Full Title: Proceedings of the French National Convention on the Trial of Louis XVI. Late King of France and Navarre; To Which Are Added, Several Interesting Occurrences and Particulars Attending the Treatment, Sentence, and Execution of the Ill-Fated Monarch; The Whole Carefully collected from Authentic Documents, and Republished with Additions, from the Paper of The World by Joseph Trapp, A.M. London: Printed for the Author; Sold by Messrs. Murray, Kearsley, and Wenman and co. Fleet-street; Ridgeway, York-street, St. James’s; Deighton, Holborn; Downes, and McQueen, Strand; and at the World Office, 1793.
From pp. 53 – 58
I shall now state the proceedings of the Convention before the King was permitted to be at the bar. Barrere was the member who occupied the chair as President.
In the beginning of this sitting, which will ever be memorable in the annals of history, Barbaroux presented the declaratory act of the crimes of Louis XVI. — On the motion of several members, various additions were made to the black catalogue of accusation, which, with the act, was passed a decree. The members and tribunes were ordered to keep profound silence, and to express their sentiments neither by murmurs nor applause. It was next decreed, that Louis XVI. should be immediately summoned to the Convention, and to wait for orders to be put to the bar. It was next decreed that the series of questions to be asked of Louis, and which were presented by Valaze, in the name of the United Committees, should be suppressed, and that the whole act of accusation should be read to Louis XVI. article by article: and that at the end of each charge, he should be asked — What have you to answer? It was likewise decreed, on the motion of Fremont, that a chair should be put within the bar, and Louis permitted to sit down. The convention were about entering on some other discussions, when Barrere, the President, rose and addressed the Convention.
President. — I inform the Assembly, that Louis is at the gate of the Feuillans.
Representatives,
“You are on the point of exercising the right of national justice; you made yourselves answerable to all the citizens, for the wise and firm conduct which you are to pursue on this momentous occasion.
“Europe observes you; history records your thoughts and actions; incorruptible posterity will judge you with inflexible severity. Let your attitudes correspond with the new functions you are about to perform; impassibility and silence become judges; the dignity of your sitting ought to be responsible to the majesty of the French Nation; she is ready by your organ to give a great lesson to Kings, and to set an useful example for the emancipation of nations.
Citizens in the Tribunes.
You are associated with the glory and freedom of the nation you make a part of. You know that justice presides only in quiet deliberations. the National Convention reposes entirely in your devotion to your country, and in your respect towards the representations of the people.

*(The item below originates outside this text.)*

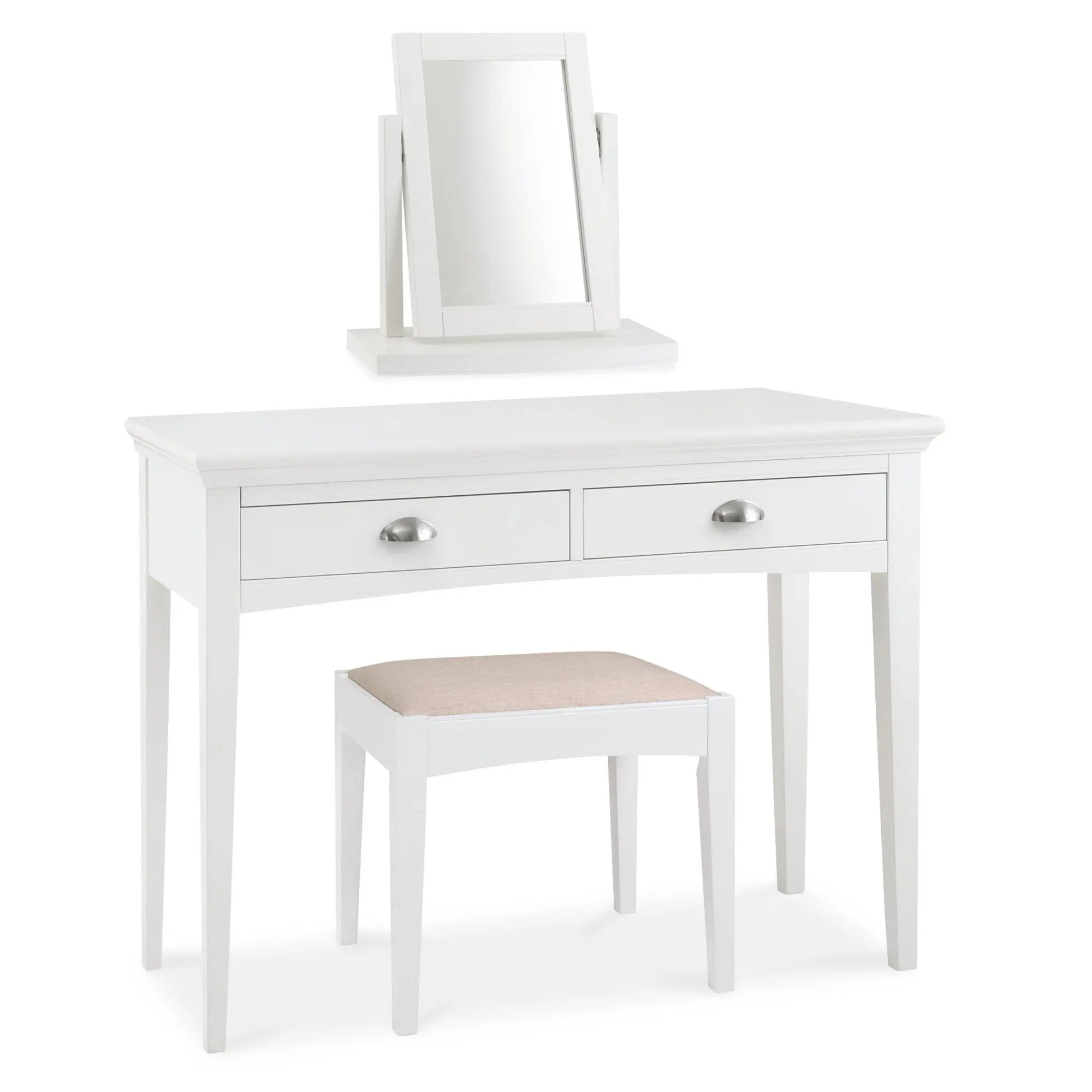 Hampstead White Dressing table Set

The citizens of Paris will not forego this fresh opportunity of evincing the patriotism and the public spirit with which they are animated. Let them only remember the awful silence which followed Louis, when he was brought back from Varennes — a precursory silence of the judgment of Kings by nations.
Half past Two o’clock.
General Santerre Commander in Chief of the Parisian Forces. — “I have the honour to inform you that I have put your decree in execution. — Louis Capet waits your orders.”
(Louis entered the bar, dressed in a yellow great coat, with firm countenance, attended by the Mayor, two Municipal Officers, and Generals Santerre and Witenkof. The guards remained without the hall, and the most awful silence reigned throughout the Convention.)
President.– Louis, the French Nation accuses you. The National Convention have decreed, on the 3d of December, that you should be judged by them; they have decreed on the 6th of December, that you shall be arraigned at their bar. We are ready to read to you the declaratory act, of the crimes laid to your charge. — You may sit down. (Louis sat down!)
[Here Mailhe, the Secretary, read the whole act; at every distinct charge, the president summoned Louis XVI. to answer each separate article.]
President. — “Louis, the French Nation accuses you of having committed a multitude of crimes to establish your tyranny, in destroying her freedom. You have, on the 20th of June, 1789, attempted the sovereignty of the people, by suspending the assemblies of their representatives, and driving them with violence from the places of their sittings. This is proved in the Proces Veral set up at the Tennis-Court of Versailles by the members of the Constituent Assembly. On the 23d of June you wanted to dictate laws to the nation — you surrounded their representatives with troops — you presented to them two royal declarations, subversive of all liberty, and ordered them to separate. Your own declarations, and the minutes of the Assembly prove these attempts — What have you to answer?”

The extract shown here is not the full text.